_Instructions for the task_. Only those lines in the data below from the line containing "A hotel room" through the line containing "Mesh fence for sports and other areas", both included, should be restated word for word.

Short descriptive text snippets
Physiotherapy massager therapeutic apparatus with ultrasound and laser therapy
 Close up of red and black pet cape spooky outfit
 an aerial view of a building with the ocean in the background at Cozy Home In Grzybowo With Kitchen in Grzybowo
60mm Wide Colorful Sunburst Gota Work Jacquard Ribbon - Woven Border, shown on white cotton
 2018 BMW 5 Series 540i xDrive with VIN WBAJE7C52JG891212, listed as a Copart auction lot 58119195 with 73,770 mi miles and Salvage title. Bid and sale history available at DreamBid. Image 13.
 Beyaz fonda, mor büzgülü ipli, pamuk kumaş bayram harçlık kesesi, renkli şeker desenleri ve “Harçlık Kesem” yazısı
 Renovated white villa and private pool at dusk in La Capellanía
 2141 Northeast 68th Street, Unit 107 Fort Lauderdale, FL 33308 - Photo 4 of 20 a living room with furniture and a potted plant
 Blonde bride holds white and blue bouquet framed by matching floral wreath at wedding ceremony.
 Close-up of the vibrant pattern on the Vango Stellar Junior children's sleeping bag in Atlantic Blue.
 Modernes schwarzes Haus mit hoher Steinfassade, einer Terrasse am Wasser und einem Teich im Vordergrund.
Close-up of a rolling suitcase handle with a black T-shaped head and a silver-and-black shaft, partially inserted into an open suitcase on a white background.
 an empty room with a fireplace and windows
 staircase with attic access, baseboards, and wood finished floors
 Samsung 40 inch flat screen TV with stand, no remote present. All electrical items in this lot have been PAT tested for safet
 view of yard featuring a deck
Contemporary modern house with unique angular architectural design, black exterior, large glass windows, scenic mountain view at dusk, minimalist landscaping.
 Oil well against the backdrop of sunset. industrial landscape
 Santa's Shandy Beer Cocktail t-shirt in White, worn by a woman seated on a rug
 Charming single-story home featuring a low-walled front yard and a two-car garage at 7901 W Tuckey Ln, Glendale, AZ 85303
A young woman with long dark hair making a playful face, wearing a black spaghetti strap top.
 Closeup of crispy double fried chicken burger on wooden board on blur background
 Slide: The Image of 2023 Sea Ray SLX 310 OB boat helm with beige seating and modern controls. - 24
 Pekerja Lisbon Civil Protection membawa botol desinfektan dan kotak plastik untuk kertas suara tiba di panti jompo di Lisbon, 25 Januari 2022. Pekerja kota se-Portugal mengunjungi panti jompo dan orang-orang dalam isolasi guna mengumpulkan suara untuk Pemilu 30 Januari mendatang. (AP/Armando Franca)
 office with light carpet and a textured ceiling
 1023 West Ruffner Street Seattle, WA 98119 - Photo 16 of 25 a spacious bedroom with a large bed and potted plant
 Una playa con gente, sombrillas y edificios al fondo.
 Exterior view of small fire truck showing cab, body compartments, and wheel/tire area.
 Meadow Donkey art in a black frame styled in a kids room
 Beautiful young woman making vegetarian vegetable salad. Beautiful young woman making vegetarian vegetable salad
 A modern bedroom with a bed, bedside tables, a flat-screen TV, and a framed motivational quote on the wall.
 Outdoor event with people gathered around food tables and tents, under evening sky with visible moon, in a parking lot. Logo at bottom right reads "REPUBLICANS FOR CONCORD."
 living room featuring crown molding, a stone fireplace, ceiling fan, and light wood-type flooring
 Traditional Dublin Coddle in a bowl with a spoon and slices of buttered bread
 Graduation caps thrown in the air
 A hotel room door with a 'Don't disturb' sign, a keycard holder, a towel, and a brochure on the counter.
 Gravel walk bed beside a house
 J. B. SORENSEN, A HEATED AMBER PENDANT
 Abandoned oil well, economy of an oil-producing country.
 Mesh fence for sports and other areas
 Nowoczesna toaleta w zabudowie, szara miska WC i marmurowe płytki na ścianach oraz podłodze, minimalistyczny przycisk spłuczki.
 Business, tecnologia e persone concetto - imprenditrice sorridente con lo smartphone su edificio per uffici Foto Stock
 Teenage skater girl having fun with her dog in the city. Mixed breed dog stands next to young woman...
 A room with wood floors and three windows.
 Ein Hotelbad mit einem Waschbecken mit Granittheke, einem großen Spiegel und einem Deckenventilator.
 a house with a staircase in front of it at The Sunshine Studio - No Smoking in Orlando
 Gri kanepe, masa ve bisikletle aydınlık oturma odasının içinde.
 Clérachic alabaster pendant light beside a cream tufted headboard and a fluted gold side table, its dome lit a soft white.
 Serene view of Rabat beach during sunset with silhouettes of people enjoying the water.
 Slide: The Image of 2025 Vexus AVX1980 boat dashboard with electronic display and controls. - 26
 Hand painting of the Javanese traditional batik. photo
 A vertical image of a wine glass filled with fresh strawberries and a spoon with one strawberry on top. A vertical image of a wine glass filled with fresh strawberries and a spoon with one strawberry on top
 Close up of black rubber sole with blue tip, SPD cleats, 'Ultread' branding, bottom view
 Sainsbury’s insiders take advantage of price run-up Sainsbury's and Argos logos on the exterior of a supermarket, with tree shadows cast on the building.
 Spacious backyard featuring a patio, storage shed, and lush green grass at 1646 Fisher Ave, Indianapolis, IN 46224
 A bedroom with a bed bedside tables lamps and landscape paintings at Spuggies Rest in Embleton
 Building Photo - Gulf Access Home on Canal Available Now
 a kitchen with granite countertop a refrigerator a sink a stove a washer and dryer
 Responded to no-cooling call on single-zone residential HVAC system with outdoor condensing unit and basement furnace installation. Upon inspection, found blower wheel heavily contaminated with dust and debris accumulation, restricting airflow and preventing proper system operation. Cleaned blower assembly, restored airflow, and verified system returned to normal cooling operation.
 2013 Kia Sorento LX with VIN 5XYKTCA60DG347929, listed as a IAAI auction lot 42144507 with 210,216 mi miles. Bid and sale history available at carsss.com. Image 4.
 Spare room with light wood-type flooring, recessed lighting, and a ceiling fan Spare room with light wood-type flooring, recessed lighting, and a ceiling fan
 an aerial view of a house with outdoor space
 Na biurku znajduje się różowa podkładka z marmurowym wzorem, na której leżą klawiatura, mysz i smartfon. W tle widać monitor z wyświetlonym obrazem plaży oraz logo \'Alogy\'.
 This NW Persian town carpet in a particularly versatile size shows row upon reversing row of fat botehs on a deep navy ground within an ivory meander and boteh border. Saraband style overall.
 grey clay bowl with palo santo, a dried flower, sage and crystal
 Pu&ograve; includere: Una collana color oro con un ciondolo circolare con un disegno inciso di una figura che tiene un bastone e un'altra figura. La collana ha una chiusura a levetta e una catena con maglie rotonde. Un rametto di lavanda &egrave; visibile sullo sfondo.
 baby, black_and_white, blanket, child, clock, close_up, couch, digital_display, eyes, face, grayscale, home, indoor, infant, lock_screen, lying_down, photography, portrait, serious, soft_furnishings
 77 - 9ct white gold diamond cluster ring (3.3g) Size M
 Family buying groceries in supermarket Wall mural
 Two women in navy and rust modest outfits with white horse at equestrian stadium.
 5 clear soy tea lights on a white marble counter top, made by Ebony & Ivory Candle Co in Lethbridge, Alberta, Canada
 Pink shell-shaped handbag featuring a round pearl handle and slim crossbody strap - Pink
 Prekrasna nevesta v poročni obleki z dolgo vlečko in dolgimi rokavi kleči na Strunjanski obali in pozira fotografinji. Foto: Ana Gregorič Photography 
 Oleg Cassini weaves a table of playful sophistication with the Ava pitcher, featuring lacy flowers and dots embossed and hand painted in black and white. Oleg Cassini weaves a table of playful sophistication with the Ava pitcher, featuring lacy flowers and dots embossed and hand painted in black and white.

_Result_.
 A hotel room door with a 'Don't disturb' sign, a keycard holder, a towel, and a brochure on the counter.
 Gravel walk bed beside a house
 J. B. SORENSEN, A HEATED AMBER PENDANT
 Abandoned oil well, economy of an oil-producing country.
 Mesh fence for sports and other areas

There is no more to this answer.